Le dernier homme debout de George Condo
Comme l’a analysé Félix Guattari en 1990 au sujet des peintures parisiennes de Condo: « cette déconstruction structurale s’opère à partir de deux procédés : une inversion de l’énonciation et une saturation de la toile ». Vous voilà prévenus et aptes à entrer à la galerie Almine Rech pour voir de quel détournement et réévaluation est faite son œuvre actuelle.
Cette nouvelle exposition, a pour titre Life is Worth Living, phrase extraite d’un courrier que George Condo a adressé à son ami de longue date Bernard Ruiz-Picasso, l’artiste présente des œuvres récentes en dialogue avec un ensemble plus ancien de peintures et de sculptures réalisées à Paris entre la fin des années 1980 et le début des années 1990. Au cours de cette période, Condo expérimentait en peinture différents médiums et styles, qu’il combinait comme, par exemple, l’huile et le collage pour décrire les formes linéaires délicates de la composition Les Quatre Femmes (1989, huile et collage sur toile, 200 × 250 cm). D’autres œuvres telles que The Headless Harlequin (1989, huile sur toile, 220 × 189,8 cm) et When the Elephant Says No (1986, huile sur toile, 206 × 318,2 cm) témoignent des expérimentations de Condo, mêlant peinture et dessin selon un procédé de déconstruction structurale, que l’artiste a employé pendant une grande partie de sa carrière jusqu’à nos jours.
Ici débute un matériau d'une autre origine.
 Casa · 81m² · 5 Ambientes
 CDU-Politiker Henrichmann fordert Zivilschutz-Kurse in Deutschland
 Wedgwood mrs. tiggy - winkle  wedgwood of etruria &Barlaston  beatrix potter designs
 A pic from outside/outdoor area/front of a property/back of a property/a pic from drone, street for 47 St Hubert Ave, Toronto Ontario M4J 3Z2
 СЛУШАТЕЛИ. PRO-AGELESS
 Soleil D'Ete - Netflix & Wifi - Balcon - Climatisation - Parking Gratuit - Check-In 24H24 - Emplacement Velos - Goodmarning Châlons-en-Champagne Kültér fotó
Les nouvelles peintures s’inscrivent dans la continuité de cette exploration picturale telle que décrite par Guattari et comprennent deux triptyques de grand format. Le chaos et la confusion de la situation politique américaine actuelle y sont signifiés dans des compositions all-over denses à la limite de l’abstraction, qui mettent en exergue la folle et absolue paranoïa qui enveloppe férocement le monde. The Investigation (2017, huile et pigments sur lin, 254 × 609,6 cm, triptyque) et Collusion (2017, huile et pigments sur lin, 208,3 × 609,6 cm, triptyque) abordent des sujets de l’obsession des média et de la politique. Elles sont peintes d’une manière gestuelle abstraite qui se veut capturer la vitesse à laquelle l’information change, comme l’esprit en ébullition de l’artiste, mais aussi faire écho à l’étrange irréalité du phénomène des « fake news » ou des informations truquées.
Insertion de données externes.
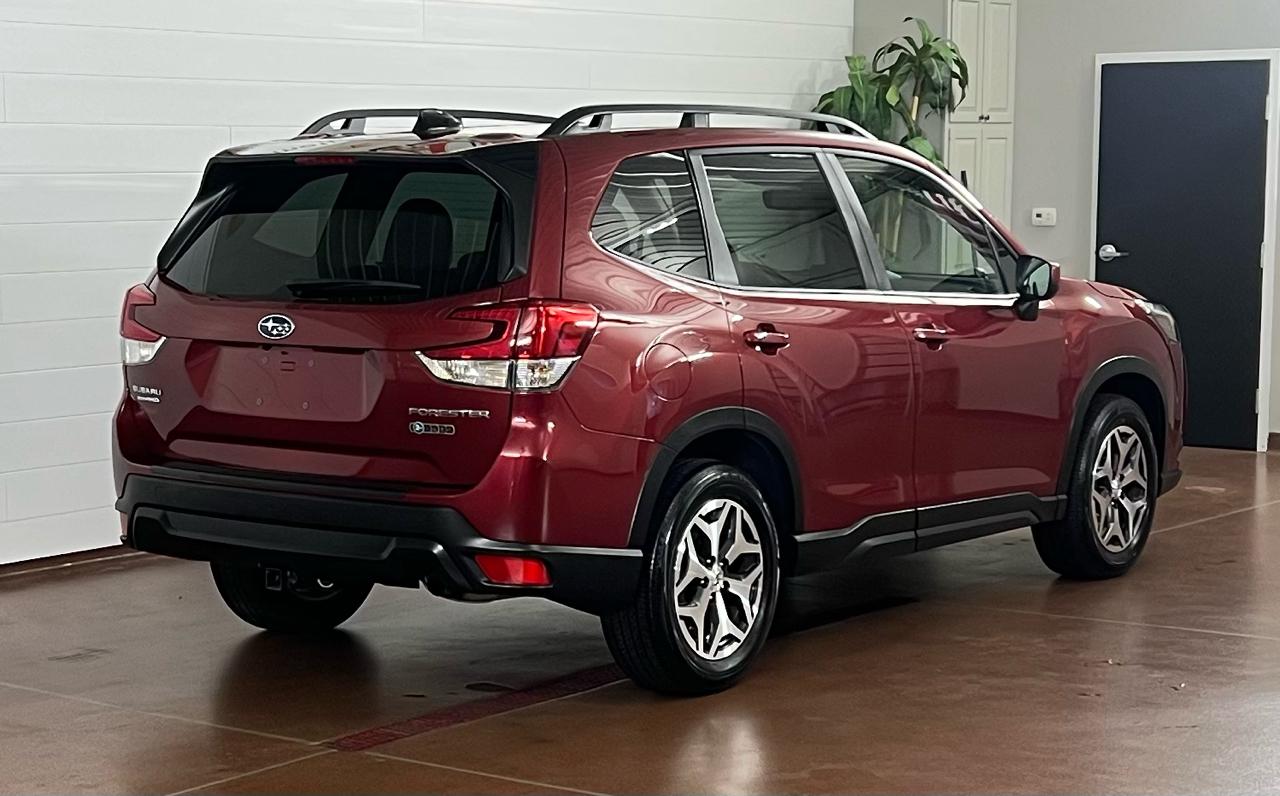Subaru Forester Premium AWD 2024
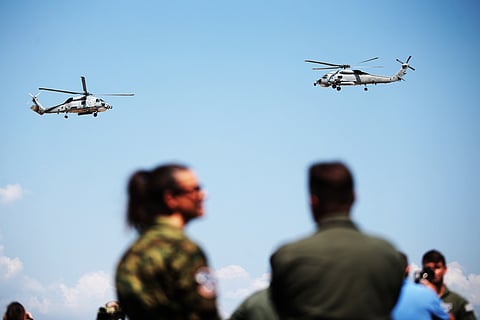 Jato da Força Aérea da Grécia despenha-se durante uma exibição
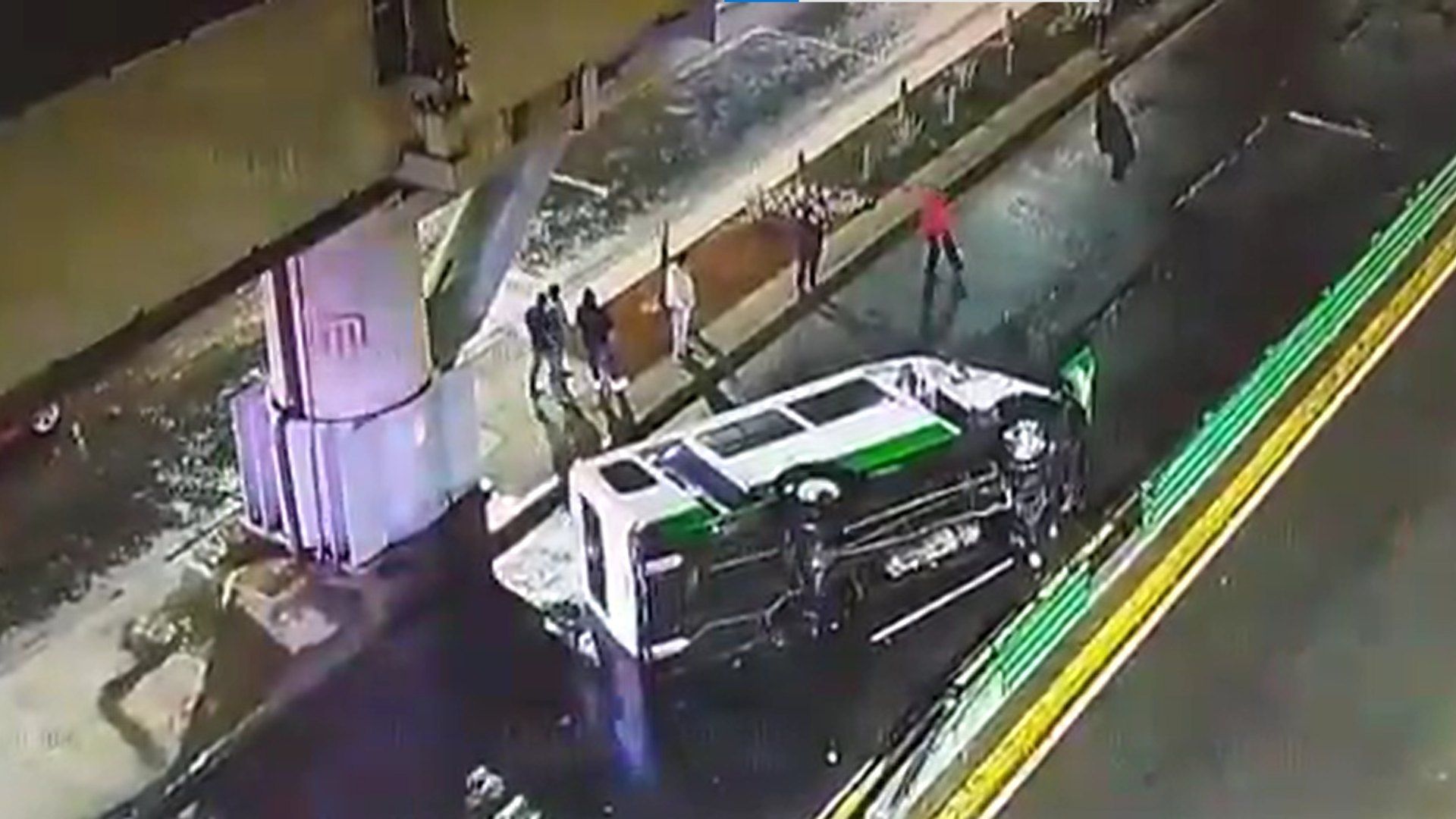 Vuelca Camión en Avenida Tláhuac por Pavimento Mojado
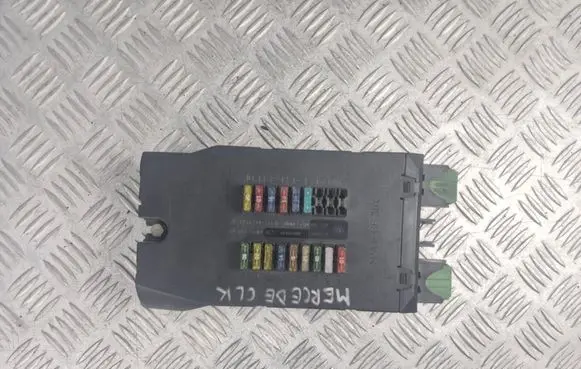 Mercedes-Benz Vito Viano W638 Fuse module 0005400650 08501002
Condo avait prédit ce changement en regard de la perception globale médiatique dès la fin des années 1980 dans un manifeste intitulé Artificial Realism, une expression qui s’appliquait alors à sa pratique et l’évolution de son esthétique, mais qui en est depuis venue à résumer l’essence même de notre confusion quotidienne s’agissant de ce qui est réel et de ce qui ne l’est pas. The Last Man Standing (2017, huile, graphite et pigments sur lin, 203,2 × 190,5 cm) représente sur un arrière-plan rouge explosif la figure d’un « reporter », tel que qualifié par l’artiste, en train de fumer et d’attendre l’exclusivité d’un scoop qui n’arrivera probablement jamais. Inside the West Wing (2017, huile et graphite sur lin, 198,1 × 233,7 cm) est une représentation presqu’orgiaque de la décadence et de la trahison, mais aussi du réseau imaginaire des activités secrètes auxquelles personne n’a l’autorisation d’assister, mais que tout le monde ne peut que trop bien imaginer. Sombre et effrayante, la peinture Back Channel (2016-2017, huile, pigments et peinture métallique sur toile, 213,4 × 208,3 cm) figure quant à elle le sentiment paranoïaque qui s’empare potentiellement de notre imagination collective face à la découverte de tels scandales médiatiques.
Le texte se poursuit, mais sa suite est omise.